In contrast, the mock/when/etc. methods typically are not abstracted out and, in my experience, end up being repeated in each test.

This is just my opinion, of course—Fowler’s article points out I’m like showing my classicist bias:

“As a result I’ve heard both styles accuse the other of being too much work. Mockists say that creating the fixtures is a lot of effort, but classicists say that this is reused but you have to create mocks with every test.”

Dummy Behavior Scales

Stubs also scale better than mocks because they can contain dummy/default behavior that mocks otherwise to have to repeat in each test.

For example, take an HttpServletRequest and wanting to mock out the getAttribute/setAttribute methods.

With a mock, each time any business logic wants to use attributes, your test is going to have to contain setup code for each attribute involved in the test:

    HttpServletRequest req = mock(HttpServletRequest.class);
    when(req.getAttribute("foo")).thenReturn("bar");
    doBusinessLogic(req);

And, if you have verify an attribute is being set via setAttribute, something like:

    ArgumentCapture<String> key = ArgumentCapture.forClass(String.class);
    ArgumentCapture<Object> value = ArgumentCapture.forClass(Object.class);
    verify(req).setAttribute(key.capture(), value.capture());
    assertThat(key.getValue(), is("foo"));
    assertThat(value.getValue(), is("bar2"));

With a stub, you can have one class StubRequest which uses a map to implement simple getAttribute/setAttribute methods. Now all of your tests can use it:

    StubRequest req = new StubRequest();
    req.put("foo", "bar");
    doBusinessLogic(req);
    assertThat(req.get("foo"), is("bar2"));

Besides just the "foo" attribute, if the business logic under test was setting its own attributes that it later wanted to retrieve, the stub’s dummy map implementation scales even better as our test is encapsulated from those implementation details.

Spring even realized this, as they intelligently include for testing a MockHttpServletRequest that is actually a stub, though I can understand if they named it before the terminology of mocks/stubs/doubles had been settled.

Too Many Interfaces

Mocking encourages testing behavioral interfaces between classes, e.g. role interfaces.

However, I personally prefer to use real objects in tests as long as possible, and only create interfaces as a last resort when doubling is required.

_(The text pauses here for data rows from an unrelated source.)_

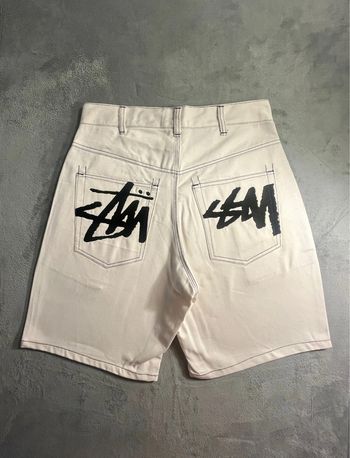 Short/Jort Stussy White Embroidered Black Big Logo Back – Taille S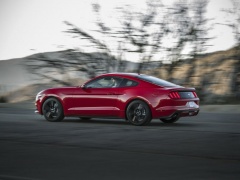 The Highest Safety Marks from NHTSA were given to 2015 Ford Mustang pic #4140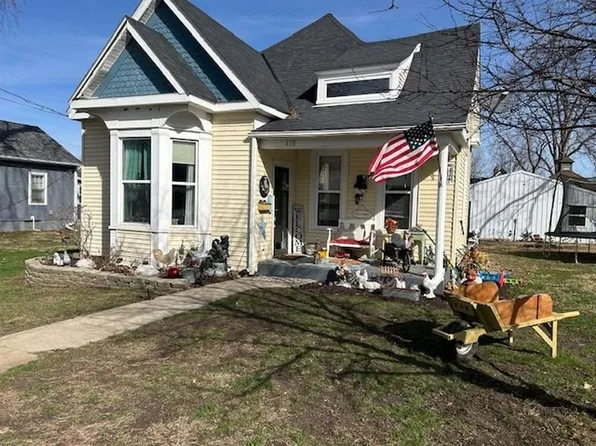 418 E Fayette St, Pittsfield, IL 62363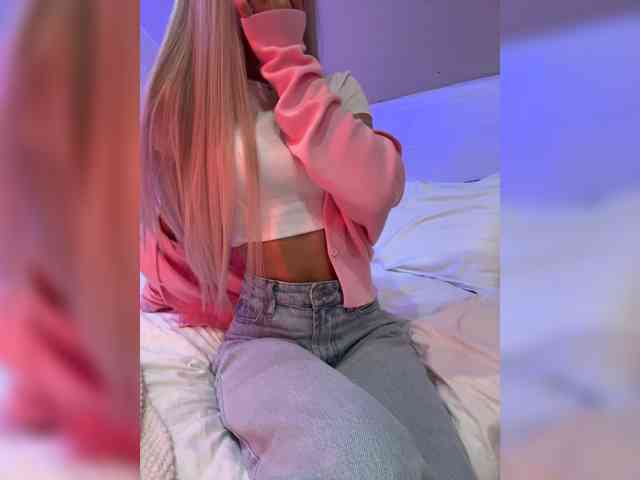 PauLiiine webcam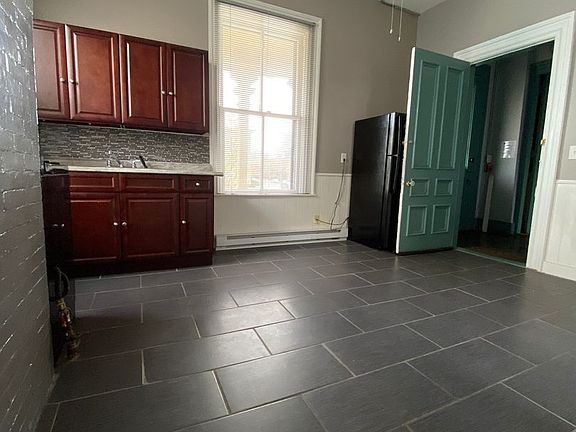 3rd image of 401 Broadway Unit 1R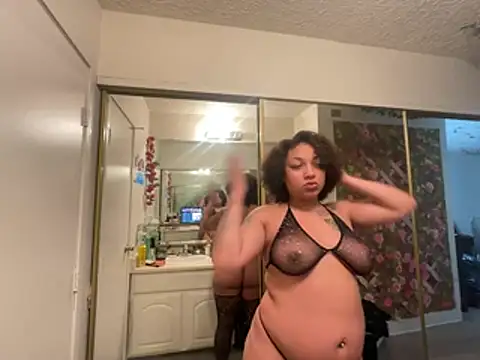 Snapshot of GoddessNih chatting on March 2026 04:25:01 AM GoddessNih online show from March 2026 04:25:01 AM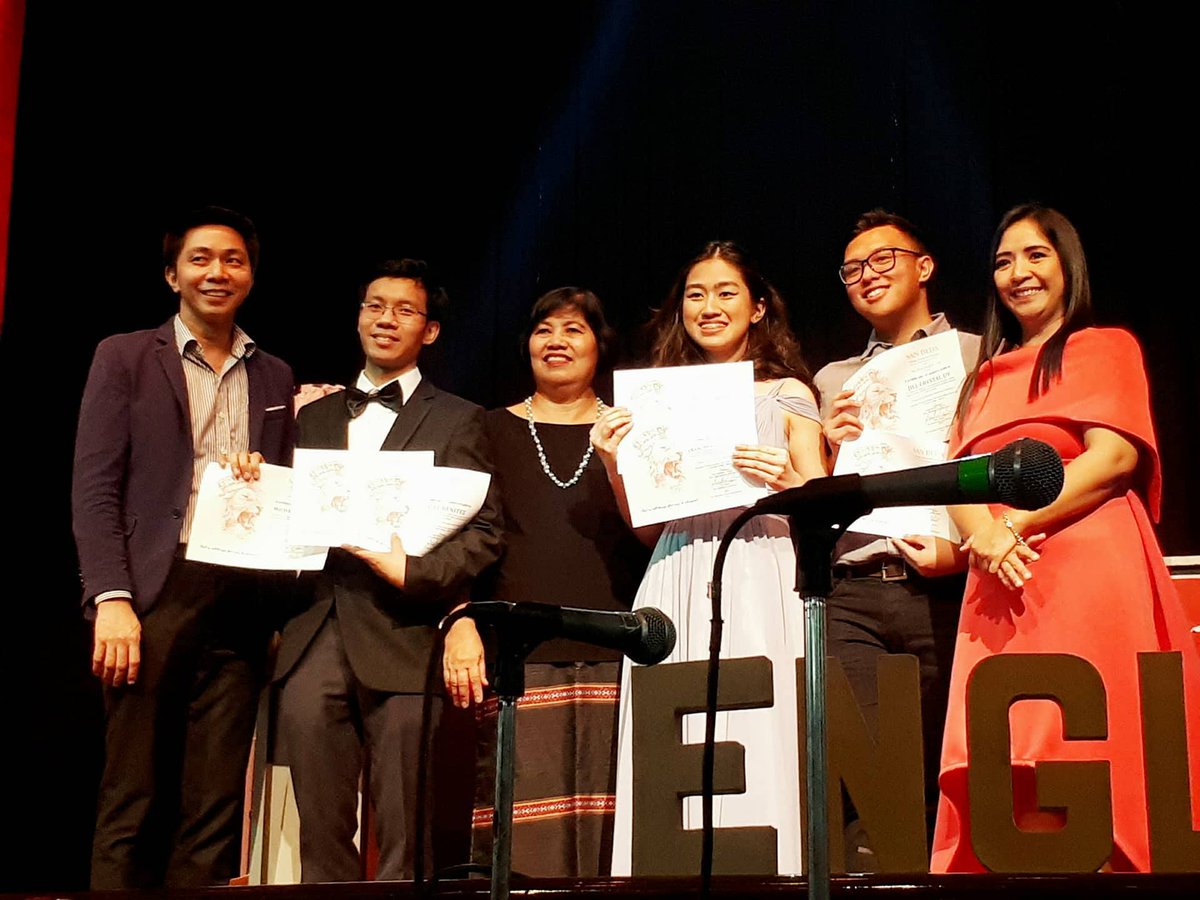SB_EnglishClub's tweet photo. LiberaliaAwards 2017(Part 14)
Oct27 at Abbot Lopez Hall
SBEC officers in behalf of Participants from Words&TheBees
ยฉProf Rowena Rivero #SBEC https://t.co/ZVcSwzqNXi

Otherwise I think you end up with the anti-pattern of interfaces that have only 1 implementation.

To me, these 1-implementation interfaces just clutter a code base and make life more tedious for the developer as they copy/paste the same method definitions, etc., between the two. (See interfacegen for my begrudging hack to help with these scenarios).

Fowler asserts that mockists actually like these extra interfaces:

“Mockists favor role interfaces and assert that using this style of testing encourages more role interfaces, since each collaboration is mocked separately and is thus more likely to be turned into a role interface.”

Which, in my current style, I just don’t see the benefit of.

Lately I don’t do anymore consulting-related project-hopping, so perhaps my data points are few/stale, but two of the worst “wtf were the architects thinking” systems I’ve seen involved 1-implementation/role interfaces. So until I see a convincing example otherwise, I consider them a bad thing.

Conclusion

So, that’s my take. I’ve changed my style before, so we’ll see if I end up being a mockist a few years from now, but for now I’m a classicist (Update July 2023: I still don’t like mocks).